I got varying reactions on my last post. Some thought the story about making coffee using an extremely detailed plan was funny.  For example Fabio Akita wrote:

"Planning is the death of any project" http://bit.ly/bFYkAW Just an entertainment story, but fun nonetheless

I'm certainly proud to produce something that is considered fun. Yet my little story actually has some serious background. Of course the simple task of making coffee doesn't justify elaborate project planning. But which task does? As we have seen, simple tasks don't.

So how about complex tasks? Tasks that depend on circumstances in many ways, like e.g. balancing a stick on a finger, or playing table tennis. It would surely simplify the task, if we knew exactly when to make which movement. But we can't plan this kind of thing, because the tiniest deviation from the intendend movement at some point in time will greatly change the required action some time later.

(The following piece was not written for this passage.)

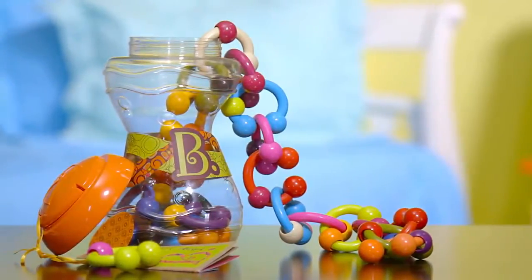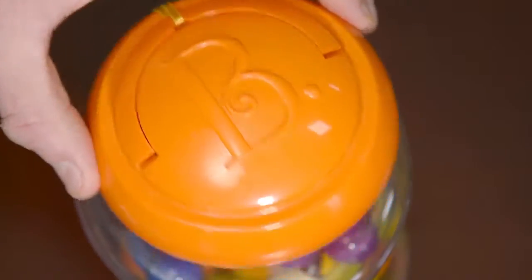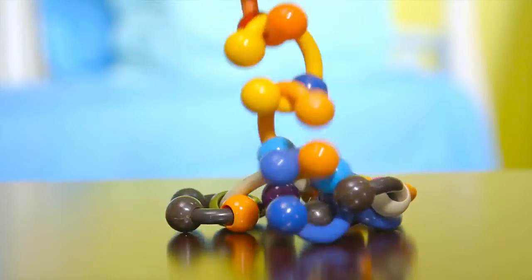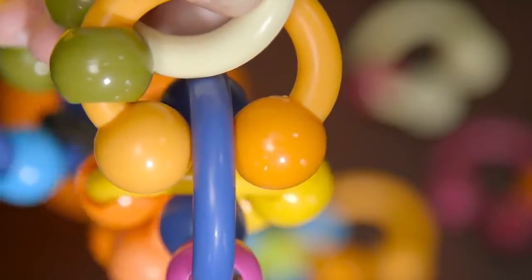It's a jar full of hugs. Open the lid and you'll find 24 colorful links. Connect them all to create a three-foot long chain, or join the ends to create cute jewelry.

The coach teaching me project management had a great example of a project needing very accurate planning: When you build a nuclear reactor, the core will get encapsulated in a huge steel chamber. There are only very few cranes huge enough to move this thing. And they need a rail track to get to the building site, as well as a foundation for the crane to stand on. Rent of this crane is expensive as hell and you have to fix the dates years in advance. Everything that was needed for this crane and the needed structure, was planned with great care, to make sure everything was in place.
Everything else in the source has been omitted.